The new duo calls their partnership Marianne Dissard :: Budo. "I have a new bandmate, and he's really excited about working, and he's super-creative and available," Dissard said in a recent interview.

At the March 9 show, Dissard and her Tucson duet partners will perform songs from her past albums, such as L'Entredeux, Paris One Takes, L'Abandon and Berlin One Takes.

Also on the verge of being released is Dissard's latest effort, The Cat. Not Me, a collaboration with musician-composer-producer Mendoza. She and Budo have been reworking songs from that album in the new duo format.

"He's the DJ and I am the MC," Dissard joked, adding that Budo also plays several conventional instruments, such as guitar, keyboards and trumpet.

Dissard and Budo will perform these "remixes" of The Cat. Not Me at the March 19 show at La Cocina.

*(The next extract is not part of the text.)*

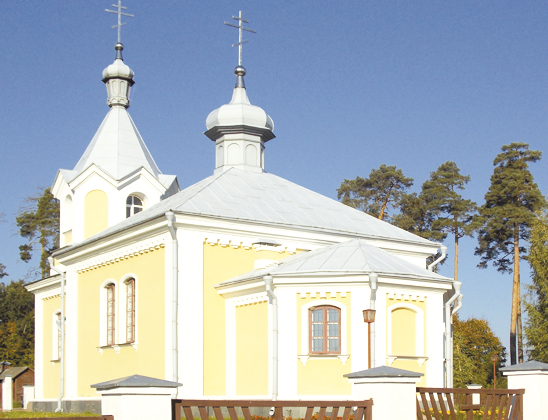 Николаевская церковь.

"When I recorded that album with Sergio, a lot of it was him and me wrestling for control and trying to see how many layers we can have, how much instrumentation we needed. And it came out great. But when Budo works on the same songs, he brings a new sensibility and starts weeding things out. And you hear some things that got blended and buried amid the rest of the album."

Dissard said other special guests may appear with her and Budo.

"I have invited lots of my friends to play, but I can't announce the names. It's in the spirit of the (now defunct) Red Room, so whoever comes and plays is whoever comes and plays. I guess it's called curating by default."

Dissard was born in Tarbes, France, 43 years ago and moved to the Phoenix area with her family when she was 16. She first moved to Tucson in 1989, when she took a job as a production assistant on the then-popular tweens TV series Hey Dude, which was shot here. Soon, she headed to Los Angeles to study film at the University of Southern California, returning to Tucson in 1994.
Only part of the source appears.